### Listed entries
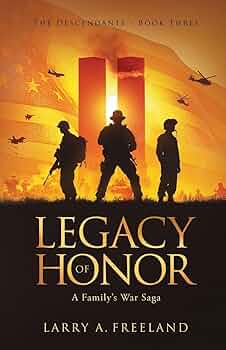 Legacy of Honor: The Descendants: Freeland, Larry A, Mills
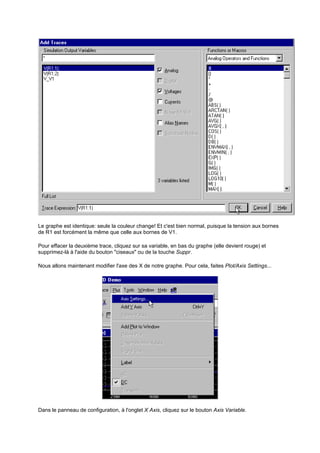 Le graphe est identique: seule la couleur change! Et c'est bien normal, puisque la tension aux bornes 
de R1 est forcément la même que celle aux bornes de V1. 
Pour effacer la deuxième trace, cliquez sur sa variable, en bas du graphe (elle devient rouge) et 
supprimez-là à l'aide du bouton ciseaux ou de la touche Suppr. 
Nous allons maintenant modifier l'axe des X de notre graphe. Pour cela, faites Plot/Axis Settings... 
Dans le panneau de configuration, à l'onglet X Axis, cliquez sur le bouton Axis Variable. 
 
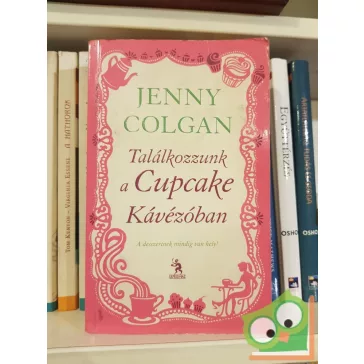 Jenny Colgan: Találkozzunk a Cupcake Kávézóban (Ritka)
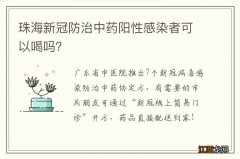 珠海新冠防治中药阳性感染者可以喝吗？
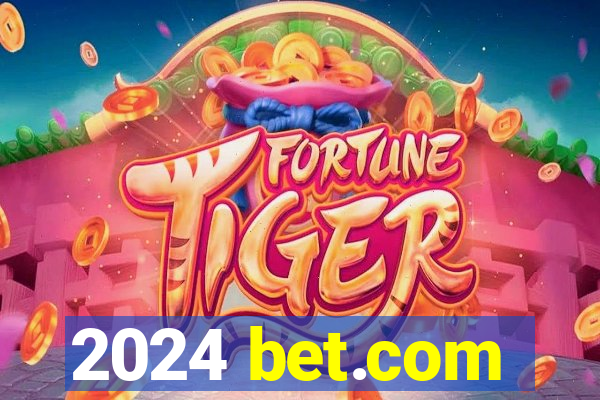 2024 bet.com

### What the task asks
All lines from the line with "Dans le panneau" through the final line of the data, both included, are to be repeated exactly; no other lines and no pictures.

### Response below
Dans le panneau de configuration, à l'onglet X Axis, cliquez sur le bouton Axis Variable. 
 
 Jenny Colgan: Találkozzunk a Cupcake Kávézóban (Ritka)
 珠海新冠防治中药阳性感染者可以喝吗？
 2024 bet.com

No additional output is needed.